Question

Find the middle term in the expansion of ${\left( {2x + 3y} \right)^8}$.

Answer 1

Here we will first find the total number of terms in the expansion of the given terms. Then we will use the general term of the binomial expansion to get the middle term in the expansion. The binomial theorem is defined as a method to expand the expression with some finite power raised to it.

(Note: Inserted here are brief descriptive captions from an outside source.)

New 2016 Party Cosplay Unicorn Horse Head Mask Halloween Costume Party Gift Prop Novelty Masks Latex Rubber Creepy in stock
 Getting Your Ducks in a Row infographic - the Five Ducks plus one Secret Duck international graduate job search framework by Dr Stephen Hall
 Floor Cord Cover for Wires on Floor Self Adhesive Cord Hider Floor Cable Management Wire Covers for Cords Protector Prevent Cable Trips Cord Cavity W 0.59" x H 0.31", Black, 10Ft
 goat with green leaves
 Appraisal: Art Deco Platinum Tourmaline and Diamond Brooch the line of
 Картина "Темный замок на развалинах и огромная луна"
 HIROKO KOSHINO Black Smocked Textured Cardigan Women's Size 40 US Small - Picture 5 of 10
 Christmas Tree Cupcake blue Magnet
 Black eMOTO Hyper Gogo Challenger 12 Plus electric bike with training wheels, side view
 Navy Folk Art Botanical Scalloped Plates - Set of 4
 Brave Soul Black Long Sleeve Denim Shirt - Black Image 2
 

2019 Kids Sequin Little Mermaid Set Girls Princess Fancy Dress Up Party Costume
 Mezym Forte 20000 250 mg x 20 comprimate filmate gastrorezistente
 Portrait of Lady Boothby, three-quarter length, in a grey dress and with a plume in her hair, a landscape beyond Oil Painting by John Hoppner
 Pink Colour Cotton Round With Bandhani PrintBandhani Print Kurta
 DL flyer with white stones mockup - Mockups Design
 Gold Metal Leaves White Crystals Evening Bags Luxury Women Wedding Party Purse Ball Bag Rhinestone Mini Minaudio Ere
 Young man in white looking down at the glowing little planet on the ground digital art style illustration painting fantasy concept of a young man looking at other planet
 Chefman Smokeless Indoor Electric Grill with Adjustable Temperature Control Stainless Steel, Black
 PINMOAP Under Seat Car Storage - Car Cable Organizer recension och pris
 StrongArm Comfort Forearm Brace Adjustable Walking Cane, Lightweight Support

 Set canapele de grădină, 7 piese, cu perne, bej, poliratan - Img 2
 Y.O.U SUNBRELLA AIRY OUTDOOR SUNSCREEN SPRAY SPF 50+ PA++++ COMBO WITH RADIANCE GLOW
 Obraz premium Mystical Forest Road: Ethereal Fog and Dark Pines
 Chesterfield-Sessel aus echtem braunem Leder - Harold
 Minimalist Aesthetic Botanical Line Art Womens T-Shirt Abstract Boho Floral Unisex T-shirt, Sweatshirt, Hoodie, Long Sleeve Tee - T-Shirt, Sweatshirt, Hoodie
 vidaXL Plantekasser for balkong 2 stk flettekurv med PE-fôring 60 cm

Complete step by step solution:
Here we need to find the middle terms in the expansion of the given algebraic expression.
The given binomial is ${\left( {2x + 3y} \right)^8}$.
We know from the binomial theorem that if ${\left( {a + b} \right)^n}$ is the binomial then there will be total $n + 1$ terms in the binomial expansion.
Therefore, the total number of terms in the given binomial $= 8 + 1 = 9$.
We know from the binomial theorem that if $n$ is even then middle will be equal to ${\left( {\dfrac{n}{2} + 1} \right)^{th}}$.
On substituting the value of $n$ here, we get
Middle Term $= {\left( {\dfrac{8}{2} + 1} \right)^{th}}$
$\Rightarrow$ Middle Term $= {\left( {4 + 1} \right)^{th}} = {5^{th}}$ term
The general term find the ${r^{th}}$ term of the binomial expansion is given as ${T_r} = {}^n{C_r} \cdot {a^{n - r + 1}} \cdot {b^{r - 1}}$.
Now, we will use this general term to find the middle term i.e. ${5^{th}}$ term of the binomial expansion.
${T_5} = {}^8{C_{5 - 1}} \cdot {\left( {2x} \right)^{8 - 5 + 1}} \cdot {\left( {3y} \right)^{5 - 1}}$
On further simplifying the terms, we get
$\Rightarrow {T_5} = {}^8{C_4} \cdot {2^4} \cdot {x^4} \cdot {3^4} \cdot {y^4}$
Now, we will apply the exponents on the bases.
$\Rightarrow {T_5} = {}^8{C_4} \cdot 16 \cdot {x^4} \cdot 81 \cdot {y^4}$
On multiplying the terms, we get
$\Rightarrow {T_5} = {}^8{C_4} \cdot 1296 \cdot {x^4}{y^4}$

Using this formula of combination ${}^n{C_r} = \dfrac{{n!}}{{\left( {n - r} \right)! \times r!}}$, we get
$\Rightarrow {T_5} = \dfrac{{8!}}{{\left( {8 - 4} \right)! \times 4!}} \cdot 1296 \cdot {x^4}{y^4}$
On further simplifying the terms, we get
$\Rightarrow {T_5} = \dfrac{{8!}}{{4! \times 4!}} \cdot 1296 \cdot {x^4}{y^4}$
Now, we will find the value of the factorials.
$\Rightarrow {T_5} = \dfrac{{8 \times 7 \times 6 \times 5 \times 4!}}{{4! \times 4 \times 3 \times 2 \times 1}} \cdot 1296 \cdot {x^4}{y^4}$
On further simplifying the terms, we get
$\Rightarrow {T_5} = 90720{x^4}{y^4}$

This is the required middle term in the expansion of ${\left( {2x + 3y} \right)^8}$.

Note:
In the above solution, we have used the term ‘binomial theorem’. The binomial theorem of expansion is generally used in algebra, probability, etc. Here, we have also used the combination formula to simplify the expression. The combination is a way or method of selecting an element from a set of elements such that the order of selection does not matter. It is different from permutation and therefore we must be careful while applying the formula. Permutation is a way or method of arranging an element from a set of elements such that the order of arrangement matters.